Frust in den Sommerferien: Wenn Lehrer in den Ferien arbeitslos sind
Lehrerverbände kritisieren, dass die Verträge vieler Pädagogen enden, die im Herbst wiederkommen. Jetzt äußern sich zwei Betroffene zur Situation.

Sommerferien bedeuten für Hunderte Lehrer in Baden-Württemberg in erster Linie eins: Arbeitslosigkeit. Nach Angaben der Gewerkschaft Erziehung und Wissenschaft (GEW) enden mit Ferienbeginn die Verträge von fast 3900 befristet beschäftigten Lehrern, die als Saisonlehrkräfte oft als Rettungsanker an Schulen gelten. Hinzu kämen zwischen 4000 und 5000 Referendare.
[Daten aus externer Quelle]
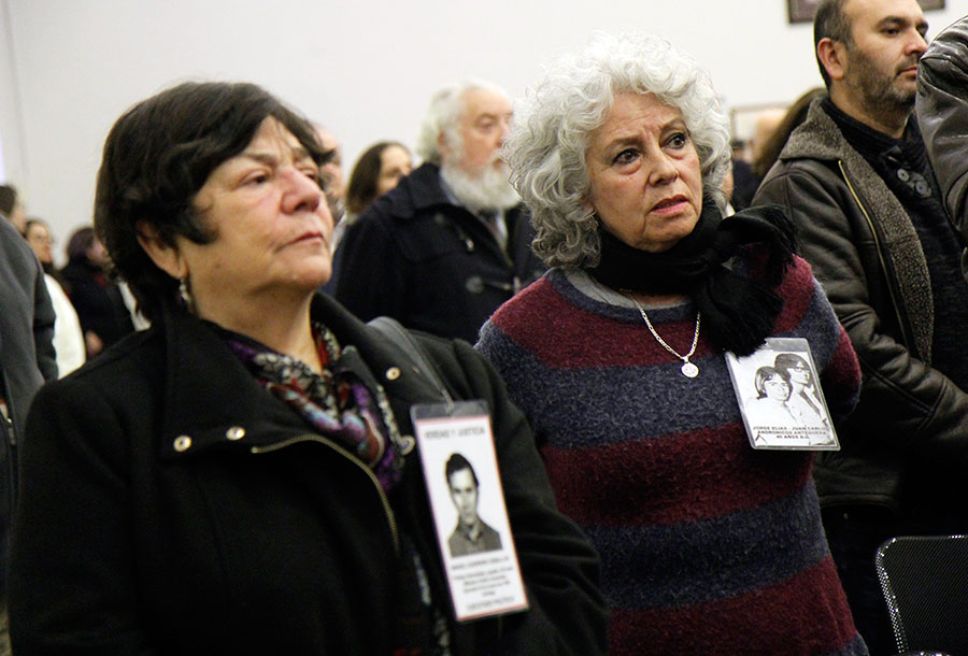 "Haber sido testigo de tanto sufrimiento en nuestro país, me impulsó a querer compartir y entregar todo lo que habíamos aprendido y desarrollado", expresó Roberto Garretón.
Sie würden entlassen, die meisten unterrichten laut GEW mit Schulstart wieder.
Lehrerin empfindet das nicht als Wertschätzung
Marijke Clark und Sophie Hesse, die ihren richtigen Namen nicht veröffentlicht haben will, kennen seit Jahren die Situation, dass sie immer wieder über die Sommerwochen arbeitslos sind. Davon berichten sie bei einer GEW-Pressekonferenz in Stuttgart. "Wertschätzung ist auf jeden Fall etwas anderes", sagt Sophie Hesse, die seit 2014 jeweils mit befristeten Verträgen an insgesamt neun Schulen unterrichtet hat. Im Herbst beginnt die Gymnasiallehrerin, die es nach eigenen Angaben aufgrund der Vorgaben nicht zu einer Beamtenstelle an Gymnasien schafft, an einer Gemeinschaftsschule.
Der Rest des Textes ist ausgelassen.